··· Available data
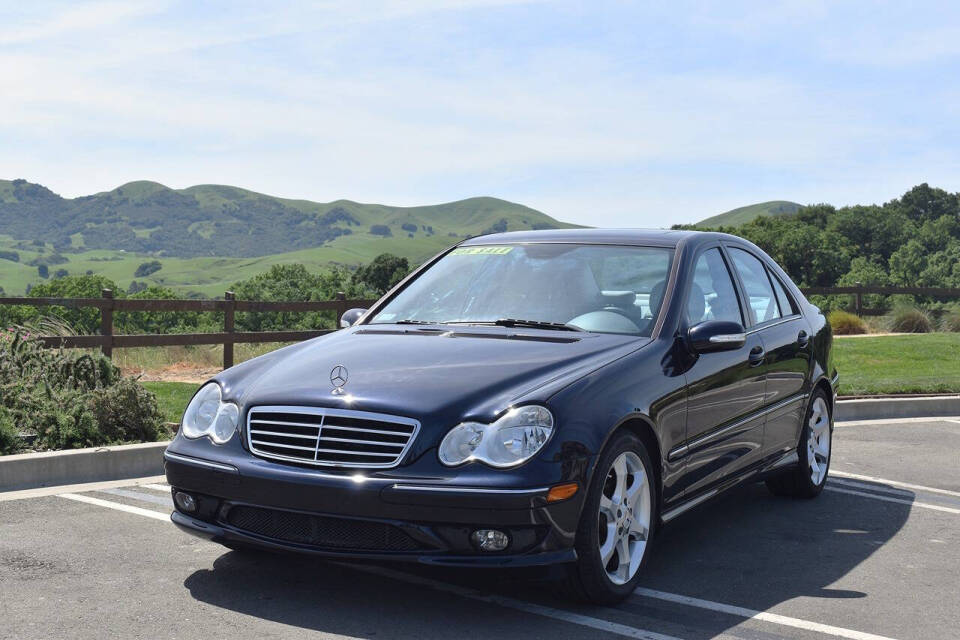 mercedes-benz c-class 2007 WDBRF52H67F930982 image mercedes-benz c-class 2007 WDBRF52H67F930982 image
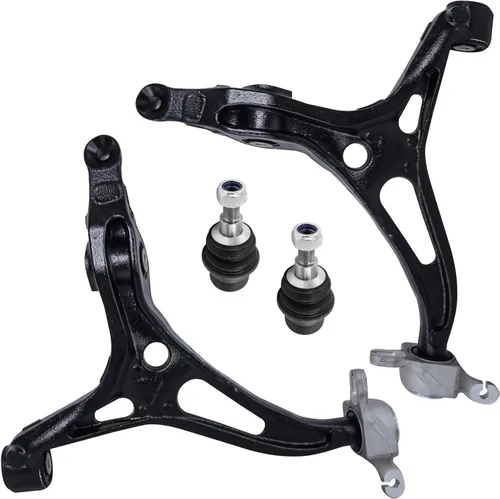 Vista 217 de Detroit Axle - Kit de brazos de control inferiores delanteros para Dodge Dart 2013, 2014, 2015, 2016, 2 brazos de control inferiores con ensamblaje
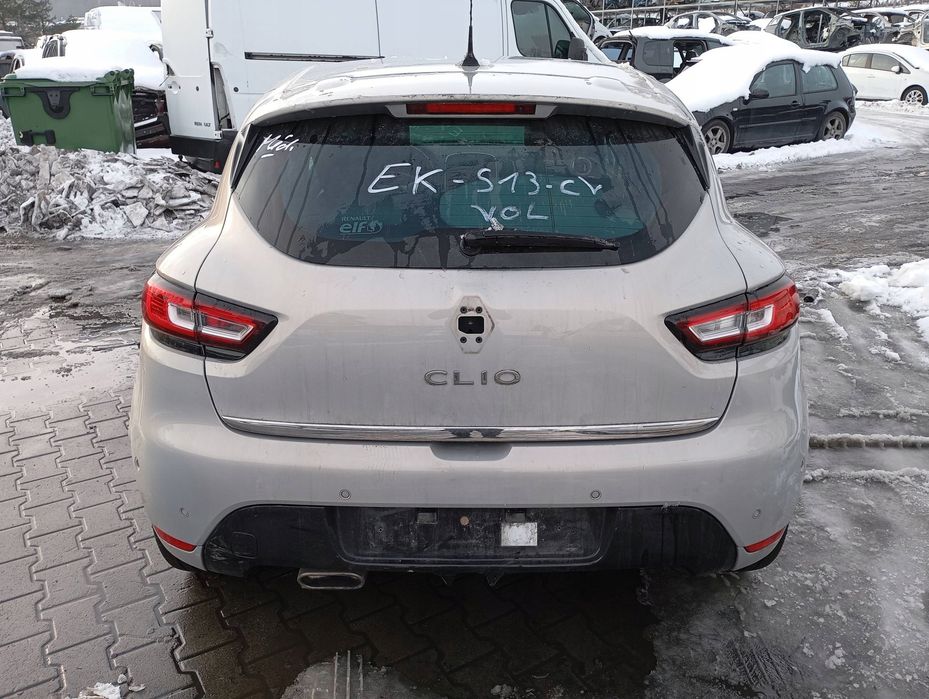 renault clio 4 iv bh 12-20 teknv klapa tył pokrywa bagażnika szyba hb 5d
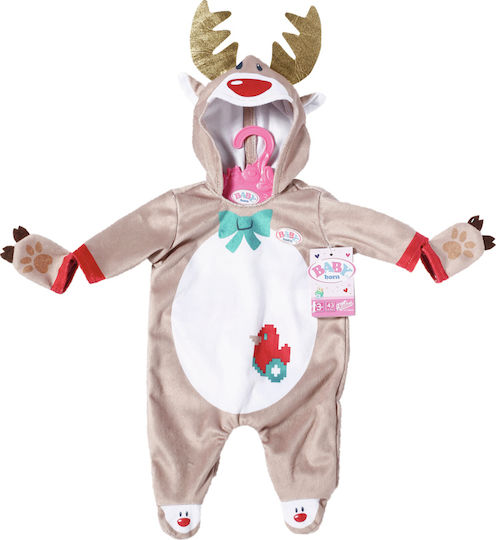 ZAPF Creation Accessories Baby Born Baby Born Reindeer Onesie 831700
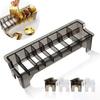 Large Capacity Limit Comb Storage Box 10 Grid Salon Hairdressing Tools New Hair Clipper Organizer
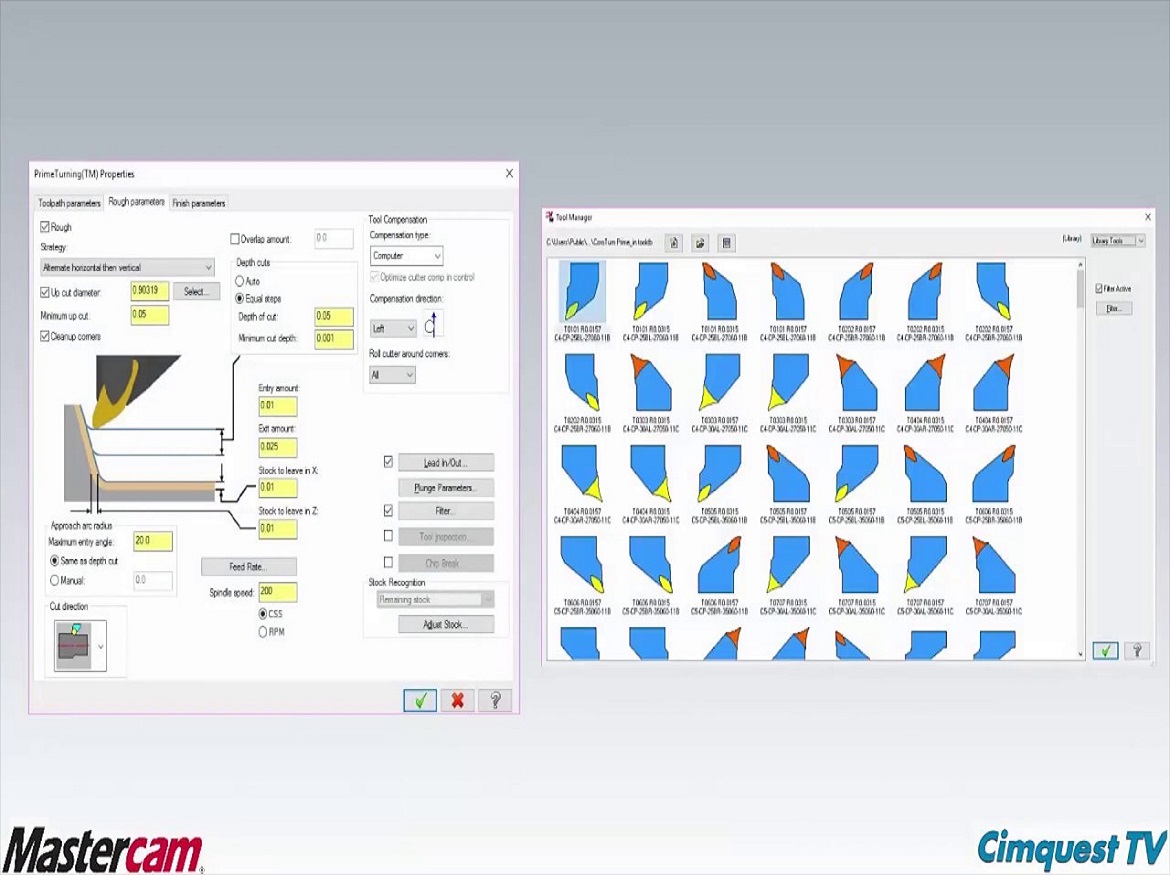 Mastercam® Integrates Sandvik Coromant’s PrimeTurning™: Transforming the Future of Precision Machining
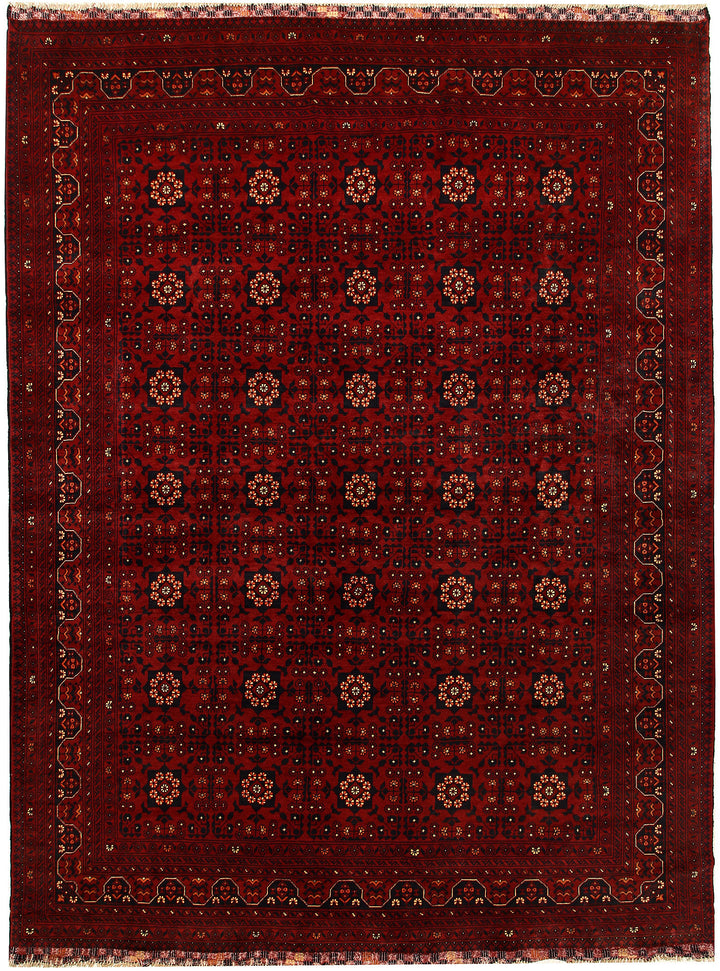 Maroon Khal Mohammadi 8'  4" x 11'  2" - No. QA85994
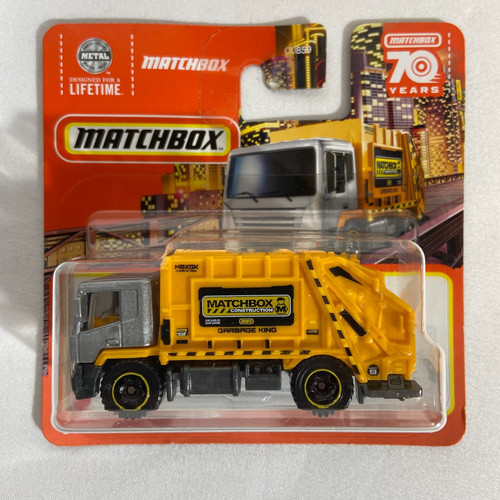 Matchbox years garbage king - matchbox,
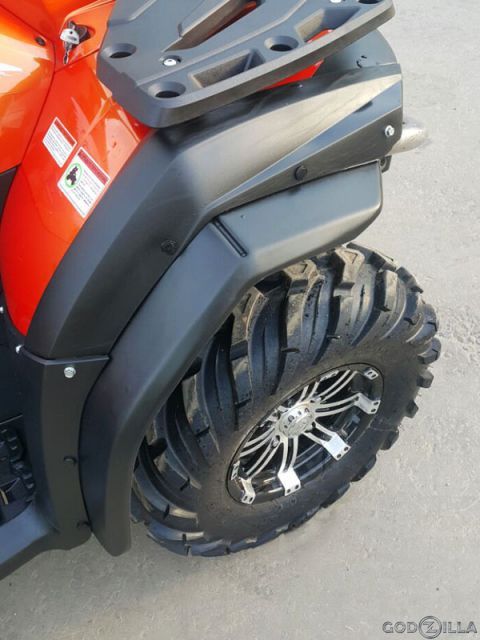 картинка Расширители колесных арок X6 EPS ATV C FORCE 500HO X5HO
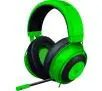 Słuchawki przewodowe z mikrofonem Razer Kraken Nauszne Zielony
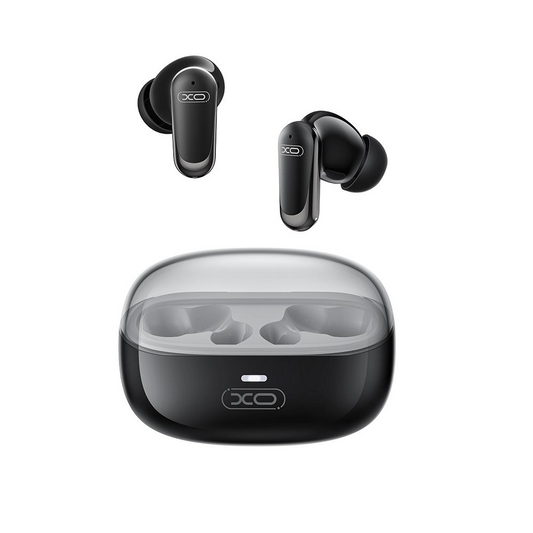 Handsfree Bluetooth XO Design G42, TWS, ANC, Zwart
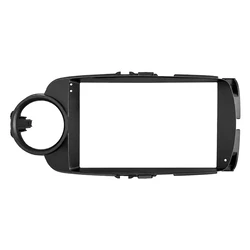 VenCore 3550-0635B - 9" Front Fascia with Wiring & CANbus Box for Toyota Yaris 2012-2015 - Black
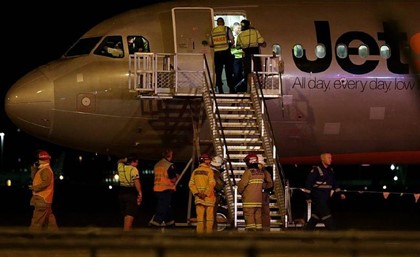 Самолет из Австралии экстренно сел на Бали из-за драки на борту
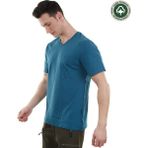 Alpinist Vortex İndigo Erkek T-Shirt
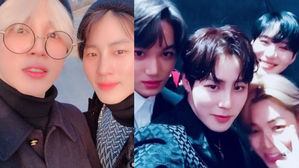 [SBS Star] Ha Sung Woon Reveals Why He Invited JIMIN to His Friend Group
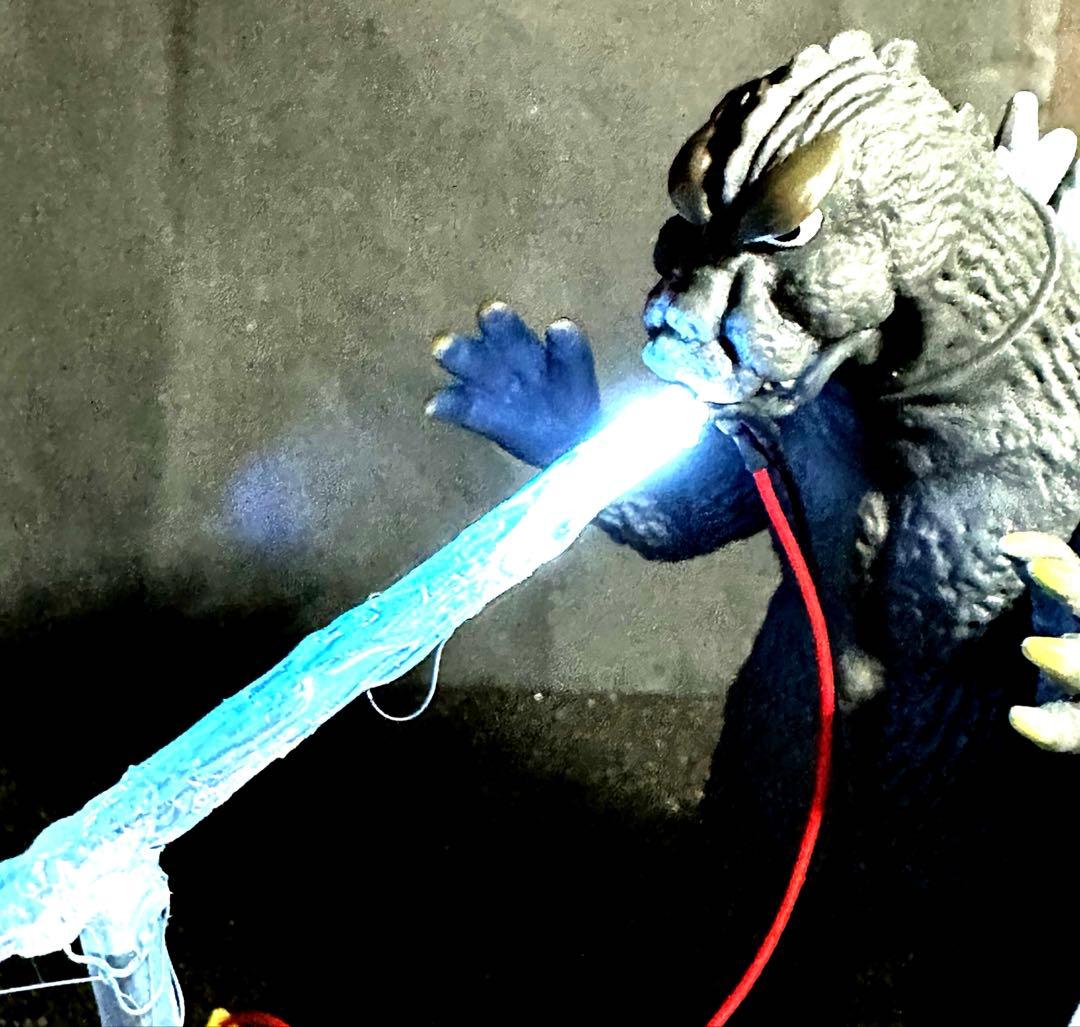 ゴジラ・ストア限定ゴジラ１９６４(モスゴジ)名古屋城襲撃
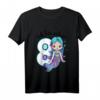 Kinder Ich bin schon 8 Meerjungfrau T-Shirt - Süßes Geburtstagsgeschenk für Mädchen, perfekt für 8. Geburtstag, Kindergarten- und Schulfeiern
······
- What needs to be done
With pictures omitted, restate word for word every line above from the one containing "ゴジラ・ストア限定ゴジラ１９６４(モスゴジ)名古屋城襲撃" to the end of the entries.

- Completed task
 ゴジラ・ストア限定ゴジラ１９６４(モスゴジ)名古屋城襲撃
 Kinder Ich bin schon 8 Meerjungfrau T-Shirt - Süßes Geburtstagsgeschenk für Mädchen, perfekt für 8. Geburtstag, Kindergarten- und Schulfeiern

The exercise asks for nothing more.